Last week, my colleagues and I gathered in the chamber of the House of Representatives, and the nation tuned in on TV, as President Obama laid out his agenda for America in the coming year.

There were hints of a willingness to offer some bold ideas that could unite Americans in the President’s State of the Union speech.  He spoke of an “all-of-the-above” energy strategy, and I was particularly pleased that he called for expanding our efforts to explore America’s natural gas resources.  However, there was also a stunning omission from this portion of his speech.  While noting it was American ingenuity, investment and hard work that built major infrastructure projects like the Hoover Dam and the interstate system, the President never mentioned why he denied a permit to a major infrastructure project that would have put 20,000 Americans back to work while reducing our dependence on hostile regimes for our energy needs.
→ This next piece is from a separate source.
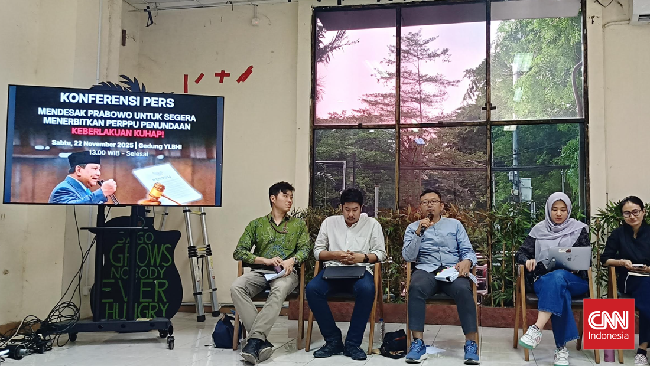 Direktur YLBHI Muhammad Isnur mengkritik sikap Menteri Hak Asasi Manusia Natalius Pigai terkait KUHAP baru yang disahkan DPR RI.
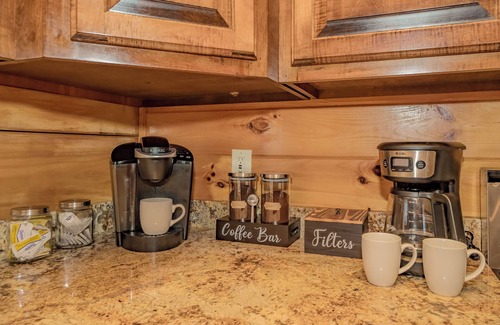 Pigeon Forge House | Spacious 4 Bd King Hot tub Pigeon Forge Pool Cabin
Similarly, there was a missed opportunity when the President spoke of the need to reform the tax code, close loopholes and ensure that the middle class are not bearing the brunt of the tax burden.  This is another issue that all of America agrees need to be addressed and I was pleased to hear the President focus a large portion of his speech on it.  However, the problem arises when the President offers his solution.  Instead of comprehensive tax reform that eliminates the loopholes and unfair advantages, President Obama wants to push a tax increase on the American people and our small business owners. 

This particular issue underscores the divide the President is creating.  Washington doesn’t have a revenue problem, it has a spending problem.  Americans are calling on Washington to do as they do, which is to devise a budget and live within their means, something that the Senate Majority has refused to do for the last 1,000-plus days.  Instead of listening to the American people and tightening Washington’s purse strings, the President is attempting to play the blame game and engage in class warfare to pass a tax increase that will allow him to continue his excessive spending.

What the President chose to speak about during his speech is almost as important is what he decided to leave out.  The State of the Union speech is supposed to not only be about where we want to be, but where we are as a nation.  Right now, the two biggest problems facing our nation is the unacceptably high unemployment rate and equally unacceptable level of deficit spending by the federal government.  While the President spoke about job creation, he barely uttered a word about the national debt or deficit spending.  President Obama cannot continue to ignore the fact that if the path we are on puts us at risk going the direction of Greece, Ireland and Portugal, each facing economic crises that have pushed them to brink of default.

My colleagues and I are willing, in fact eager, to work with President Obama to jumpstart job growth in the private sector, reduce the national debt and pave the way for energy independence.  However, we need solutions that truly solve our problems, not proposals that merely kick the can down the road for future generations to face.  Unfortunately, there were more of the latter than the former in President Obama’s State of the Union speech.